**PROBLEM TO WORK ON**
For the records below, please print exactly and only the lines from the one with "90 FERRAGINE CRESCENT - Image 40" down to the one with "Zapatillas Munich negras", both ends included, omitting the pictures.

**SUPPLIED RECORDS**
▼

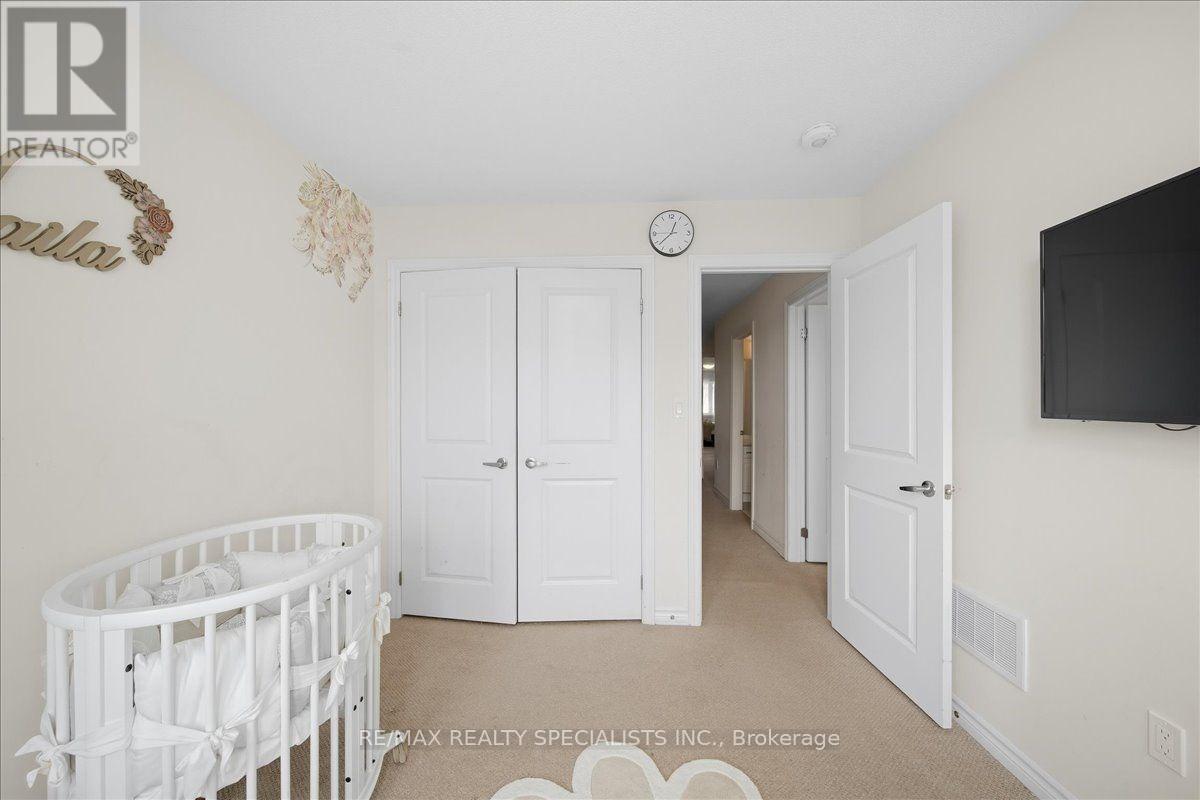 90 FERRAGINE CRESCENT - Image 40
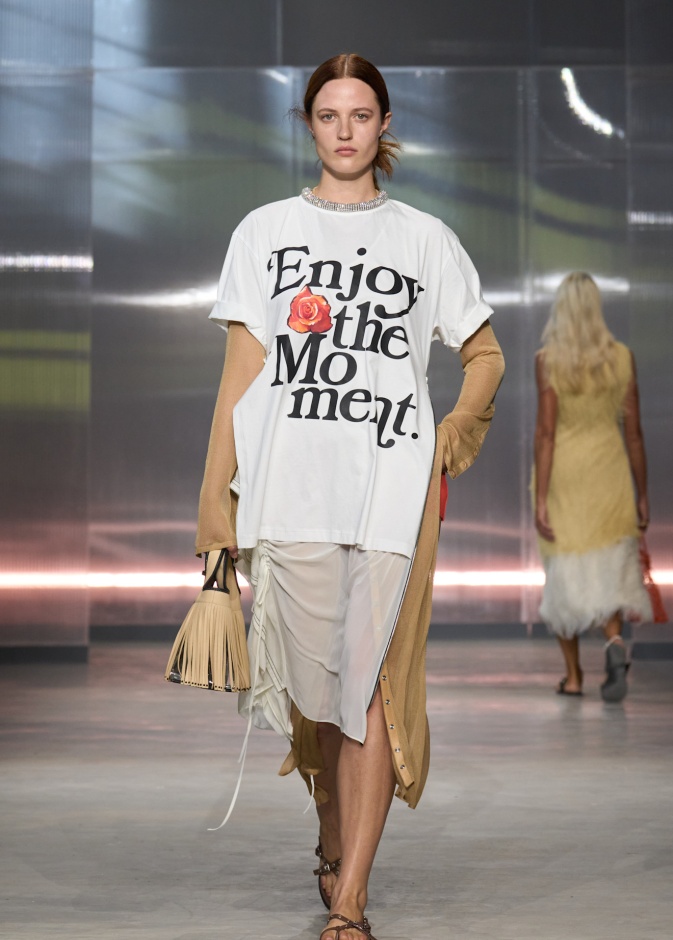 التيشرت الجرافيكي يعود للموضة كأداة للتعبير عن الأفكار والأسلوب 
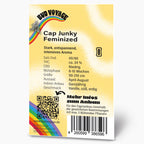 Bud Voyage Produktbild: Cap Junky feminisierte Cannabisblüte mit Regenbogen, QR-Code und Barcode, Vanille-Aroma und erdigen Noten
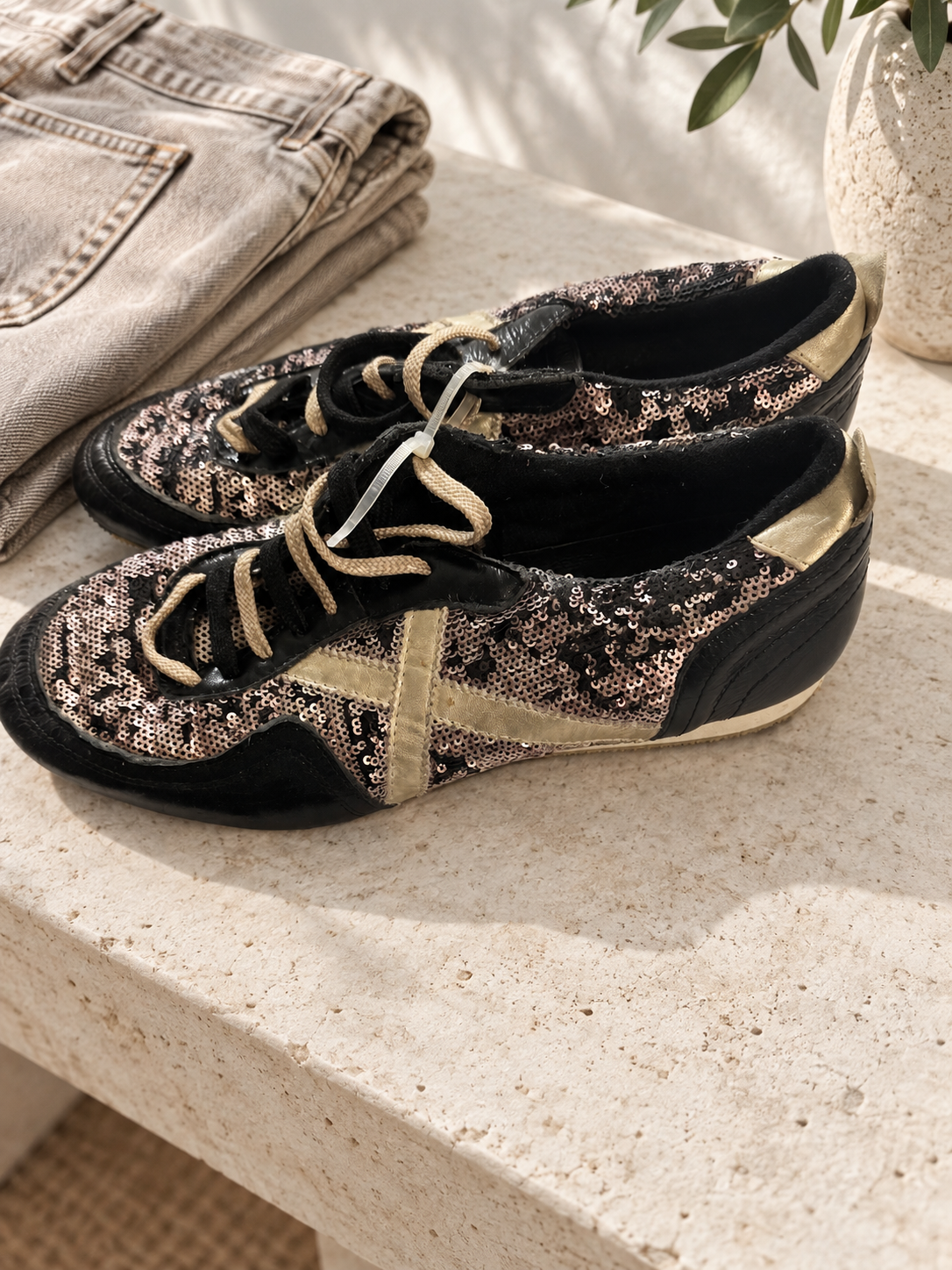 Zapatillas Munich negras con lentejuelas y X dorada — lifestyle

▲
▼

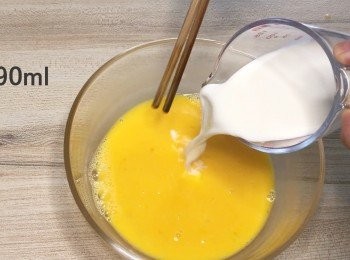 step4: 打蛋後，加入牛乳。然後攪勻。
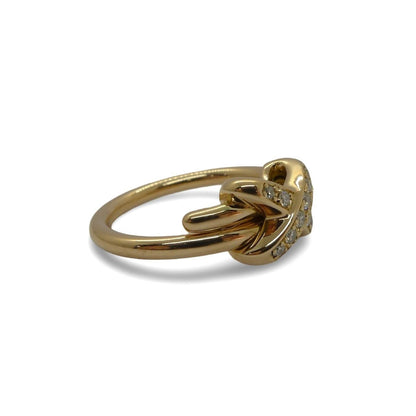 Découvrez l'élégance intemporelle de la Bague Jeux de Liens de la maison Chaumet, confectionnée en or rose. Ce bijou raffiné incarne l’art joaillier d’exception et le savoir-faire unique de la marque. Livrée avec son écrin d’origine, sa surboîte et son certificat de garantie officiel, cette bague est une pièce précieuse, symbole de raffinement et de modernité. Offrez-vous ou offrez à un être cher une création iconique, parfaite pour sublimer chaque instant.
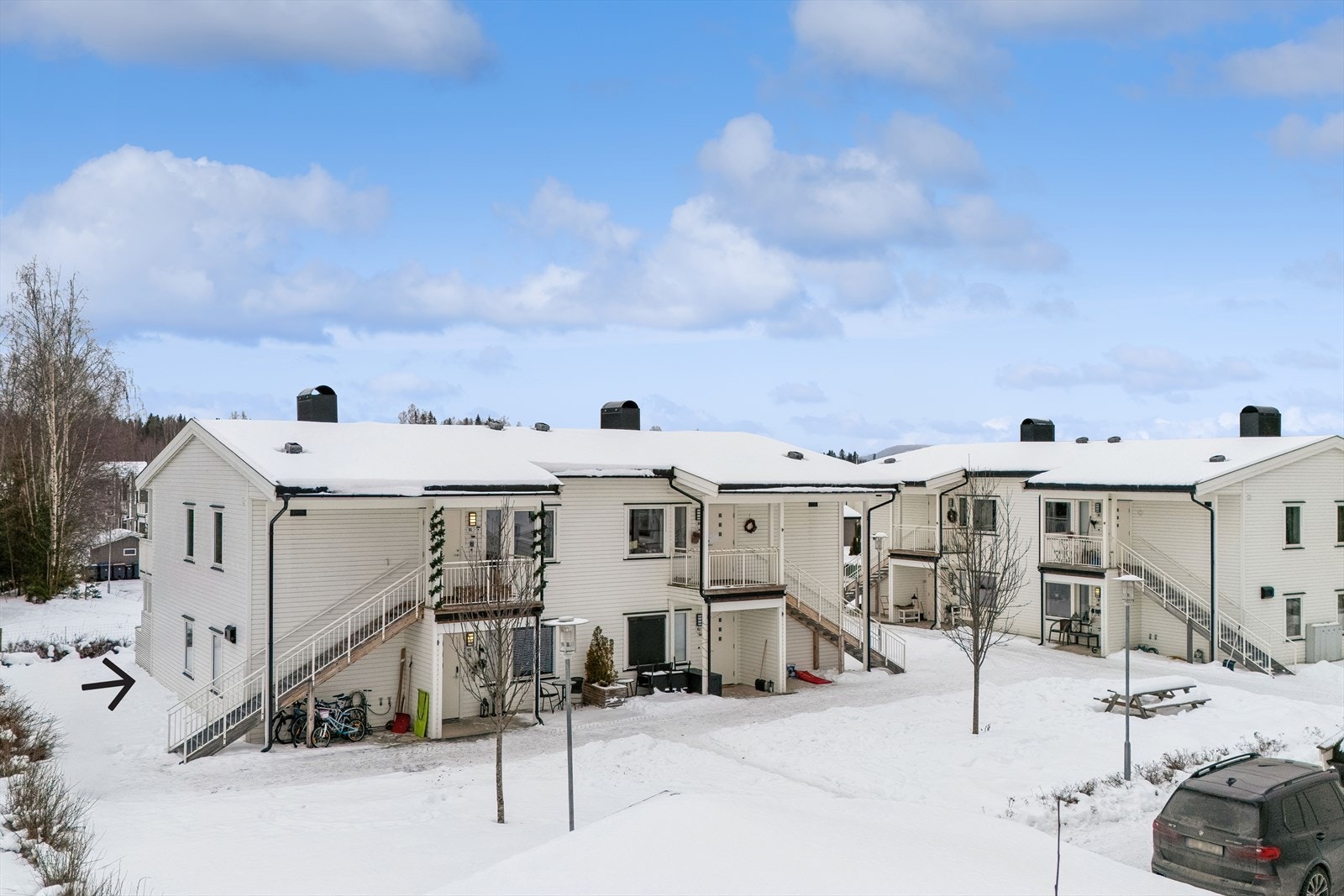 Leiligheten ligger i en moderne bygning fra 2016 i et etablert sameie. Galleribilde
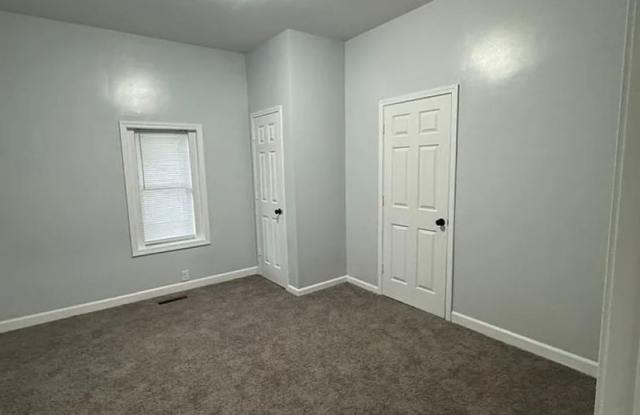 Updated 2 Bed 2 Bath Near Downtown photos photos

▲
▼

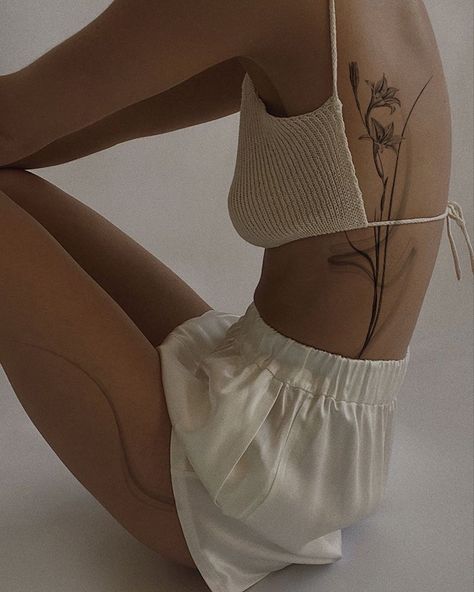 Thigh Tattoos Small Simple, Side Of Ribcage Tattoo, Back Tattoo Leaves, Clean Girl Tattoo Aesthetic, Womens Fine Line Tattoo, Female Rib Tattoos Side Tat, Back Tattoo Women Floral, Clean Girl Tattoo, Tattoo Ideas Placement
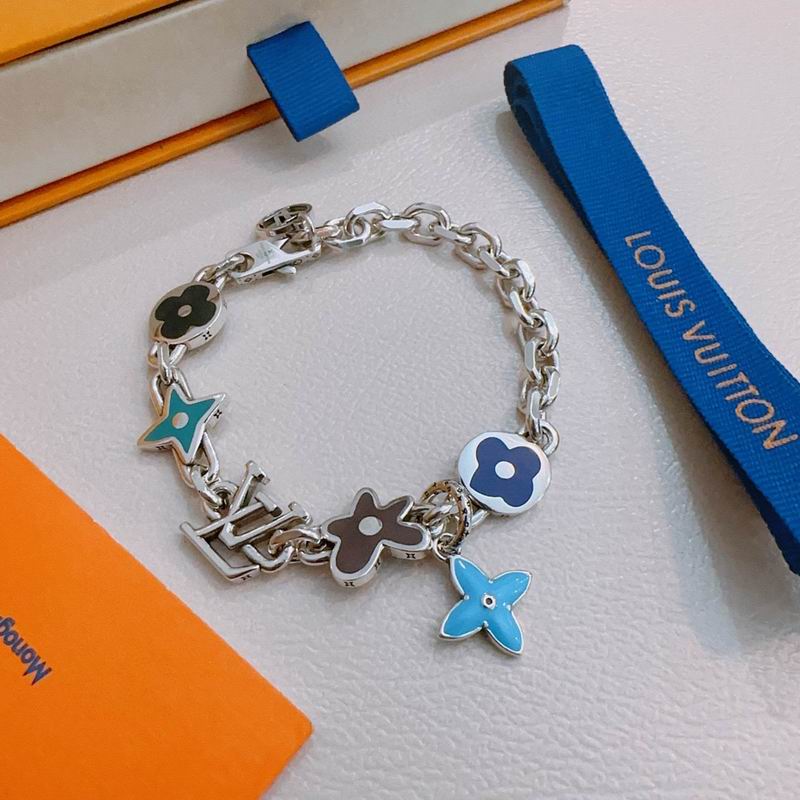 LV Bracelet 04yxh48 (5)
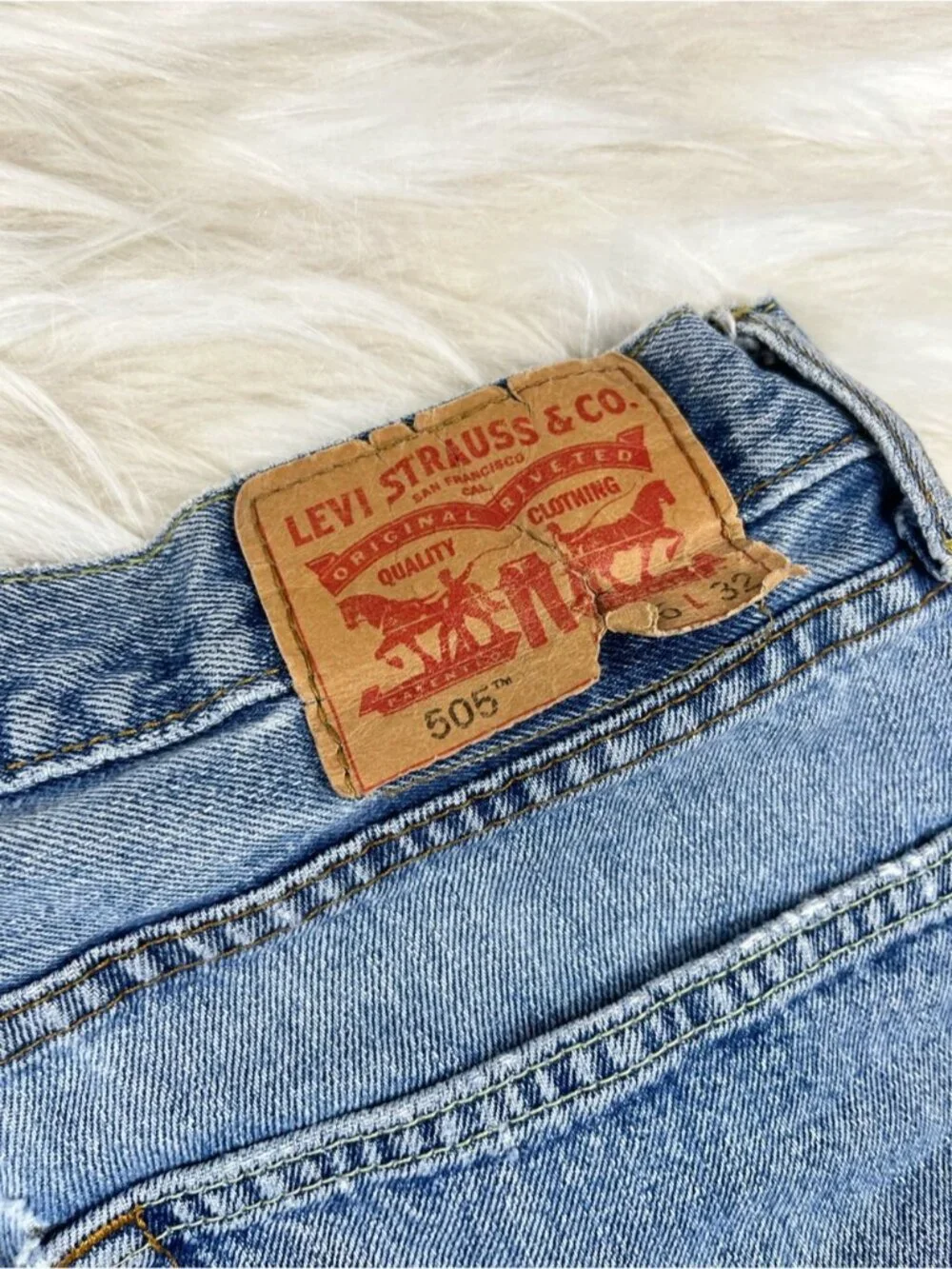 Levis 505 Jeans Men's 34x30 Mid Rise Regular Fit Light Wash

▲

**EXERCISE RESULT**
 90 FERRAGINE CRESCENT - Image 40
 التيشرت الجرافيكي يعود للموضة كأداة للتعبير عن الأفكار والأسلوب 
 Bud Voyage Produktbild: Cap Junky feminisierte Cannabisblüte mit Regenbogen, QR-Code und Barcode, Vanille-Aroma und erdigen Noten
 Zapatillas Munich negras con lentejuelas y X dorada — lifestyle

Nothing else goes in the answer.